Monday 17th October 2016
quotequote all
We've just bought a new house and the term was originally for 30 years. With minimum payments of $980 a fortnight.
We were going to pay $1200 and the bank has come back and said they'd reduce the term to 25 years.

This seems to me like they're trying to stop us paying off the principal quicker.

Anyone had similar and worked around this? I'm think of opting for the minimum payment on 30 years and paying lump sums off through out the year.

sidicks

25,218 posts

222 months

Monday 17th October 2016
quotequote all
Tony Starks said:
We've just bought a new house and the term was originally for 30 years. With minimum payments of $980 a fortnight.
We were going to pay $1200 and the bank has come back and said they'd reduce the term to 25 years.

This seems to me like they're trying to stop us paying off the principal quicker.

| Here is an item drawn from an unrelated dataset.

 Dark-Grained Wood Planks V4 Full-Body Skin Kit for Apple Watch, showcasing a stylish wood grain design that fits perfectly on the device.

Anyone had similar and worked around this? I'm think of opting for the minimum payment on 30 years and paying lump sums off through out the year.
Isn't 25 years less than 30 years?
confused

rsbmw

3,464 posts

106 months

Monday 17th October 2016
quotequote all
You seem to have misunderstood. If the interest rate and payments are the same, the principal will reduce at the same rate (assuming no overpayment penalties) regardless of the term set. The benefit of the 30 year product in this example is that if you're short one month for whatever reason, you don't have such a high minimum payment to make.

Sarnie

8,048 posts

210 months

Monday 17th October 2016
quotequote all
Tony Starks said:
This seems to me like they're trying to stop us paying off the principal quicker.
??

Shorter term = principle being paid off quicker/less interest paid

4x4Tyke

6,506 posts

133 months

Monday 17th October 2016
quotequote all
Tony Starks said:
This seems to me like they're trying to stop us paying off the principal quicker.
No, if anything they are doing the opposite, tying you into paying it off quicker.

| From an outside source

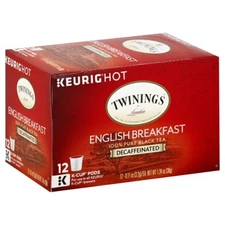 Twining English Breakfast Decaffeinated Black Tea, K-Cup, 12-Count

In the UK you would be looking for a 'flexible' mortgage. These are intended to allow over payments, but without committing you to this. They also typically charge interest daily, rather than interest being added annually or periodically. Therefore you see an immediate benefit from over payments by paying a little less compound interest.



Edited by 4x4Tyke on Monday 17th October 09:57

98elise

26,672 posts

162 months

Monday 17th October 2016
quotequote all
sidicks said:
Tony Starks said:
We've just bought a new house and the term was originally for 30 years. With minimum payments of $980 a fortnight.
We were going to pay $1200 and the bank has come back and said they'd reduce the term to 25 years.

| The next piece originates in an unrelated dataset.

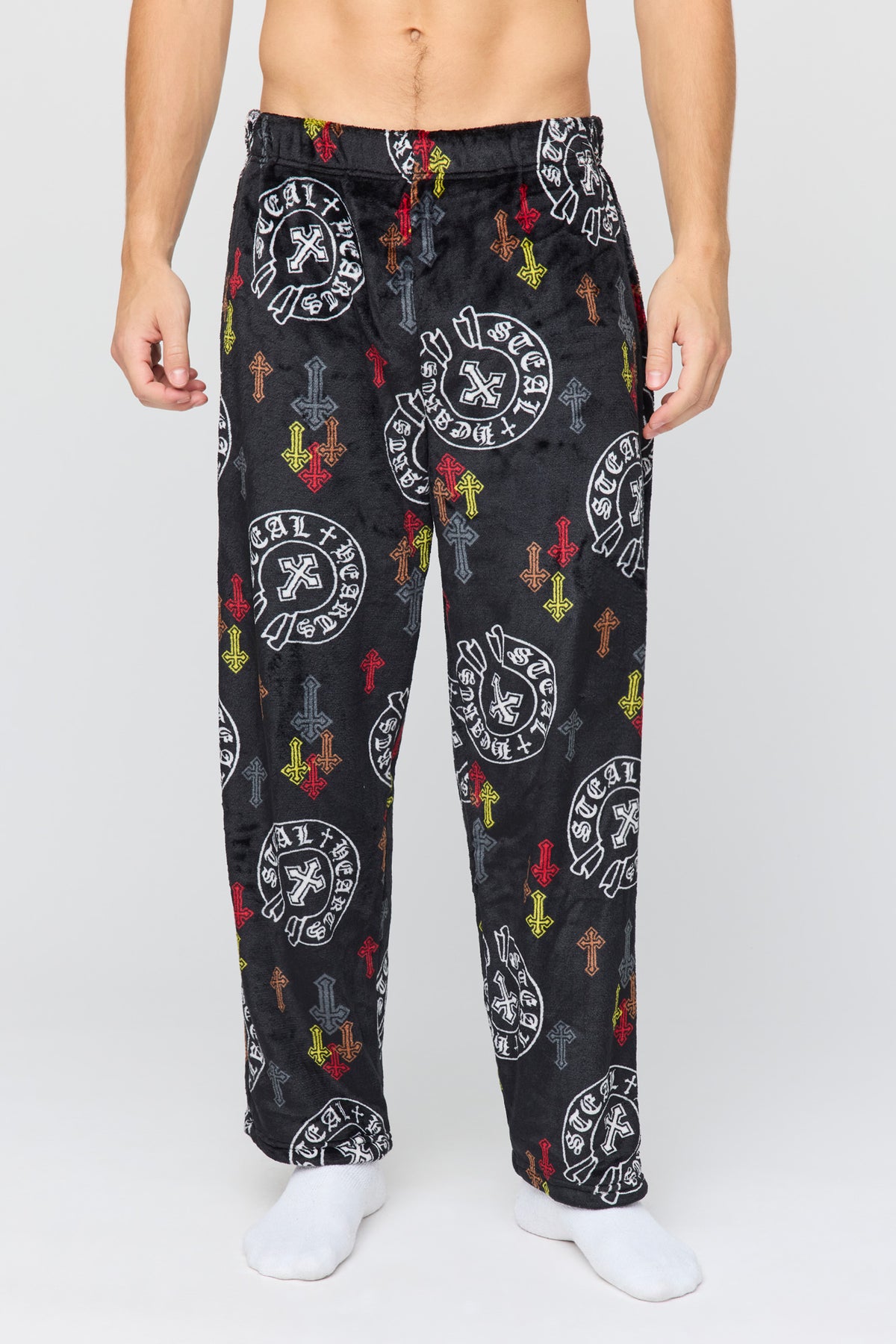 Plush Printed Pajama Pant - Solid Black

This seems to me like they're trying to stop us paying off the principal quicker.

Anyone had similar and worked around this? I'm think of opting for the minimum payment on 30 years and paying lump sums off through out the year.
Isn't 25 years less than 30 years?
confused
Agreed, the OP seems confused?

Paying more each month means the money owed will be less each month, therefore the term is shorter?

Tony Starks

Original Poster:

2,107 posts

213 months

Monday 17th October 2016
quotequote all
So I am wrong in thinking? Fantastic biggrin

So they (shock, horror) are trying to be helpful. What makes it confusing is we have about $450K fixed for 2 years, $100K Fixed for 3 and $50K floating for 3 years or unless we pay it off quicker.

The 2 fixed amounts we can't pay extra off of, but the floating we can. I interpreted it as the bank trying to slow us down on paying off the floating too early. Even though the have charges in place if we pay too much extra.

Tony Starks

Original Poster:

2,107 posts

213 months

Monday 17th October 2016
quotequote all
4x4Tyke said:
No, if anything they are doing the opposite, tying you into paying it off quicker.

In the UK you would be looking for a 'flexible' mortgage. These are intended to allow over payments, but without committing you to this. They also typically charge interest daily, rather than interest being added annually or periodically. Therefore you see an immediate benefit from over payments by paying a little less compound interest.



Edited by 4x4Tyke on Monday 17th October 09:57
That's what we did with our previous one, just paid $10-$20 extra a week and what ever was left from the grocery bill. took 16 years off the mortgage over 3 years.